Which one of these URIs would be more 'fit' for receiving POSTs (adding product(s))? Are there any best practices available or is it just personal preference?
/product/ (singular)
or
/products/ (plural)
Currently we use /products/?query=blah for searching and /product/{productId}/ for GETs PUTs & DELETEs of a single product.
Since POST is an "append" operation, it might be more Englishy to POST to /products, as you'd be appending a new product to the existing list of products.
As long as you've standardized on something within your API, I think that's good enough.
Since REST APIs should be hypertext-driven, the URI is relatively inconsequential anyway. Clients should be pulling URIs from returned documents and using those in subsequent requests; typically applications and people aren't going to need to guess or visually interpret URIs, since the application will be explicitly instructing clients what resources and URIs are available.
Typically you use POST to create a resource when you don't know the identifier of the resource in advance, and PUT when you do. So you'd POST to /products, or PUT to /products/{new-id}.
With both of these you'll return 201 Created, and with the POST additionally return a Location header containing the URL of the newly created resource (assuming it was successfully created).
In RESTful design, there are a few patterns around creating new resources. The pattern that you choose largely depends on who is responsible for choosing the URL for the newly created resource.
If the client is responsible for choosing the URL, then the client should PUT to the URL for the resource. In contrast, if the server is responsible for the URL for the resource then the client should POST to a "factory" resource. Typically the factory resource is the parent resource of the resource being created and is usually a collection which is pluralized.
So, in your case I would recommend using /products
You POST or GET a single thing: a single PRODUCT.
Sometimes you GET with no specific product (or with query criteria). But you still say it in the singular.
You rarely work plural forms of names. If you have a collection (a Catalog of products), it's one Catalog.
I would only post to the singular /product. It's just too easy to mix up the two URL-s and get confused or make mistakes.

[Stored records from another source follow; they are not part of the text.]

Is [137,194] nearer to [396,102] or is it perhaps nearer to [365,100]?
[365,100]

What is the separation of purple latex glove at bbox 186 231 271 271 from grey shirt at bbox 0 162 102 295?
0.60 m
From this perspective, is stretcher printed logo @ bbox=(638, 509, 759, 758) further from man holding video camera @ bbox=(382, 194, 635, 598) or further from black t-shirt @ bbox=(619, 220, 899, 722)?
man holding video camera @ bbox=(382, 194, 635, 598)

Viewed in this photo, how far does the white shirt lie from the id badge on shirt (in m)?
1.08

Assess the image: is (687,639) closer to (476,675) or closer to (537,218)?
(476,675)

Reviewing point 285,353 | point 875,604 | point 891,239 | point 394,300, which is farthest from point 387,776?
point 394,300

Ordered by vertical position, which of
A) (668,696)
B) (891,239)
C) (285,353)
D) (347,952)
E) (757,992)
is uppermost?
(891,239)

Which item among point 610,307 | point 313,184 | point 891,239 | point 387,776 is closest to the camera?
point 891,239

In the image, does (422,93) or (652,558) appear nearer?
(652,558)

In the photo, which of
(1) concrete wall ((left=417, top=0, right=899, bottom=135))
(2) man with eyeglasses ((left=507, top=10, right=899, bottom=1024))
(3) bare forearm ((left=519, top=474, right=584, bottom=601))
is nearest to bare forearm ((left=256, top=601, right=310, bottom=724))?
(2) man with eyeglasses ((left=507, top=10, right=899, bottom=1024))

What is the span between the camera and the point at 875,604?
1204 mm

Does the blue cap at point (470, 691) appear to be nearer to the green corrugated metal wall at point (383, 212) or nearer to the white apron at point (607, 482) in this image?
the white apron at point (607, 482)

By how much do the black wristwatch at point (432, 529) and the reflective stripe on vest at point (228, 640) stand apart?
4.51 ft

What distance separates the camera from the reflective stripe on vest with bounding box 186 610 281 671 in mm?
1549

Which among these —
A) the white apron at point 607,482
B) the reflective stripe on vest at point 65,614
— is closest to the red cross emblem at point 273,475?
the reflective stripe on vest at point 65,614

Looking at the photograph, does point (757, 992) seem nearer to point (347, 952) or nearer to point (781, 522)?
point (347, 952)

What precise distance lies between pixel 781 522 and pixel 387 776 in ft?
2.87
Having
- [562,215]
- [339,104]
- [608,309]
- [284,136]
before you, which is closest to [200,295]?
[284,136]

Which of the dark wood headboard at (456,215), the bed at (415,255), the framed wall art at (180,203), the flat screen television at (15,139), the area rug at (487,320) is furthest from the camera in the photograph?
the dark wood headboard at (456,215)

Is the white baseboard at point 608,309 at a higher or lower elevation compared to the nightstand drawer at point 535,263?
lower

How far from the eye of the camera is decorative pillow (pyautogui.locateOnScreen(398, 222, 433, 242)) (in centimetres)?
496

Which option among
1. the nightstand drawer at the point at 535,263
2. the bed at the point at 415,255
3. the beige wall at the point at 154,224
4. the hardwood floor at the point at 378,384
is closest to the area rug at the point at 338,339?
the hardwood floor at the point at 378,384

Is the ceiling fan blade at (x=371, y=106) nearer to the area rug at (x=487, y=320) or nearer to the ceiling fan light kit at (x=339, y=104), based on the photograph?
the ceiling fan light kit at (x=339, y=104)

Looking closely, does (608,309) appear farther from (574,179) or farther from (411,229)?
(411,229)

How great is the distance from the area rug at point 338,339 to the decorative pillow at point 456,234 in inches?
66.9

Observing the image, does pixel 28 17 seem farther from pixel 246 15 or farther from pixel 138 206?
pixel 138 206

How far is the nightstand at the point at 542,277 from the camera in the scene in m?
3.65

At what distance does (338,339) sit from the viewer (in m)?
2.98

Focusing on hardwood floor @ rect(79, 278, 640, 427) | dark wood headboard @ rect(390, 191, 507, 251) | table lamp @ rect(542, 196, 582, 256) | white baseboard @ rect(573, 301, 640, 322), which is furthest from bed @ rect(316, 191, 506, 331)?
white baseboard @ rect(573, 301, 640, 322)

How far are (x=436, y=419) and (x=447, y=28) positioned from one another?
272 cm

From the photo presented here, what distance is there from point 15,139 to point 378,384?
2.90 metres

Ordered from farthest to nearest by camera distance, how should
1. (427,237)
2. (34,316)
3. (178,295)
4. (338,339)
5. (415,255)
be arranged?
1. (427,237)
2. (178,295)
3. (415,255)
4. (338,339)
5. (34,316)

As many said, you can probably choose any style you like as long as you are consistent, however I'd like to point out some arguments on both sides; I'm personally biased towards singular
In favor of plural resource names:
simplicity of the URL scheme as you know the resource name is always at plural
many consider this convention similar to how databases tables are addressed and consider this an advantage
seems to be more widely adopted
In favor of singular resource names (this doesn't exclude plurals when working on multiple resources)

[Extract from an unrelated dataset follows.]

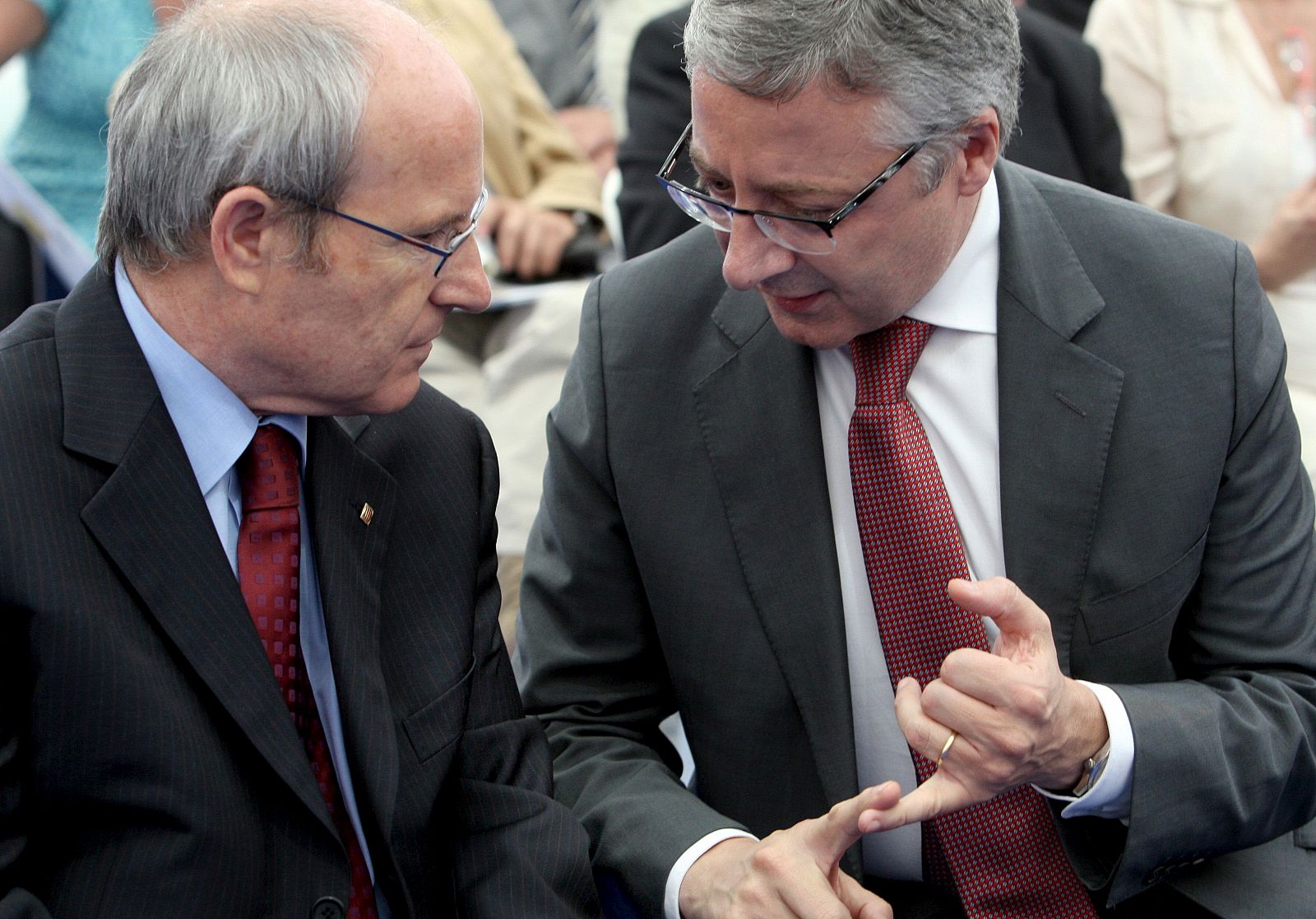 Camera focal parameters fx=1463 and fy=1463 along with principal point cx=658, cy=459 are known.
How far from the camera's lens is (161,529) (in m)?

the URL scheme is more complex but you gain more expressivity
you always know when you are dealing with one or more resources based on the resource name, as opposed to check whether the resource has an additional Id path component
plural is sometimes harder for non-native speakers (when is not simply an "s")
the URL is longer
the "s" seems to be a redundant from a programmers' standpoint
is just awkward to consider the path parameter as a sub-resource of the collection as opposed to consider it for what it is: simply an ID of the resource it identifies
you can apply the filtering parameters only where they are needed (endpoint with plural resource name)
you could use the same url for all of them and use the MessageContext to determine what type of action the caller of the web service wanted to perform.

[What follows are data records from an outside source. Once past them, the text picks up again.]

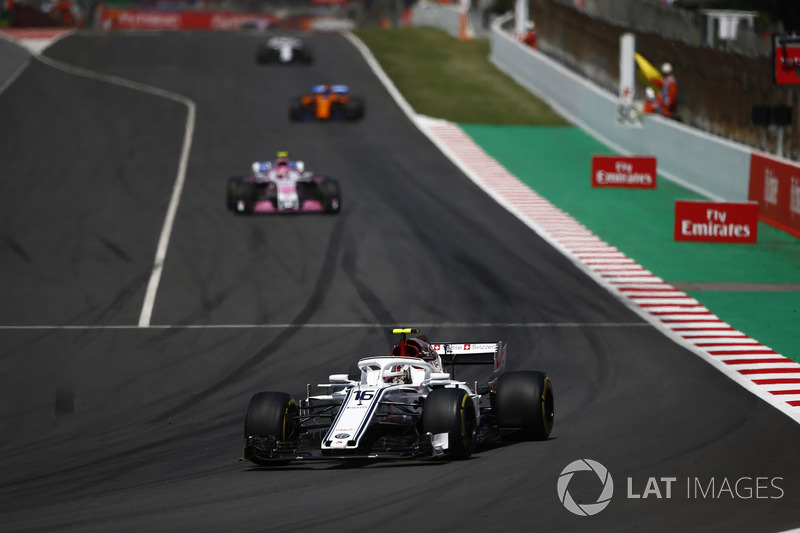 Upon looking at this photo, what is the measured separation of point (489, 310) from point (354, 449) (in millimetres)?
9012

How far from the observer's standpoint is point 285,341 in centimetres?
1911

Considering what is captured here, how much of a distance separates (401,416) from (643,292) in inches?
404

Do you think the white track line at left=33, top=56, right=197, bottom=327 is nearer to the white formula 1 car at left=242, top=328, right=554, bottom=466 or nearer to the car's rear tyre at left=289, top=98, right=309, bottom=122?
the car's rear tyre at left=289, top=98, right=309, bottom=122

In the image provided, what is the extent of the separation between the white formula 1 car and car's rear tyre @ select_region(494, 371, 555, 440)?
0.01m

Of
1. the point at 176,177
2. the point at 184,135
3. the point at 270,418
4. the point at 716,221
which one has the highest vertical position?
the point at 270,418

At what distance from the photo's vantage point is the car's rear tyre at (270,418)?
1284cm

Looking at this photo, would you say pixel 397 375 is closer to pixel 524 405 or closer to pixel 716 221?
pixel 524 405

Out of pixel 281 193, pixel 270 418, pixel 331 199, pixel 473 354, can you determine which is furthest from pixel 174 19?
pixel 270 418

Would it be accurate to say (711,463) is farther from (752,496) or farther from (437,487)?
(437,487)

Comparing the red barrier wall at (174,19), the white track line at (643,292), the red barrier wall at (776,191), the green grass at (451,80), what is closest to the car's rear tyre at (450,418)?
the white track line at (643,292)

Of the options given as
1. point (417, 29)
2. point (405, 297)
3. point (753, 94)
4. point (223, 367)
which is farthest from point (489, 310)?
point (417, 29)

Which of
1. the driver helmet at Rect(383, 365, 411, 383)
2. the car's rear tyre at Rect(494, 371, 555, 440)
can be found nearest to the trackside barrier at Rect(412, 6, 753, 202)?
the car's rear tyre at Rect(494, 371, 555, 440)

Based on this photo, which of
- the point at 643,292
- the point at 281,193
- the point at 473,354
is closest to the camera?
the point at 473,354

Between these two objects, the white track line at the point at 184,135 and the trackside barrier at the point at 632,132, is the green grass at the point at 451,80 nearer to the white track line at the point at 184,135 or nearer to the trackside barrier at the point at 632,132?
the trackside barrier at the point at 632,132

No language was specified but in Java you can do something like this.
WebServiceContext ws_ctx;
MessageContext ctx = ws_ctx.getMessageContext();
String action = (String)ctx.get(MessageContext.HTTP_REQUEST_METHOD);
if(action.equals("GET")
// do something
else if(action.equals("POST")
// do something
That way you can check the type of request that was sent to the web service and perform the appropriate action based upon the request method.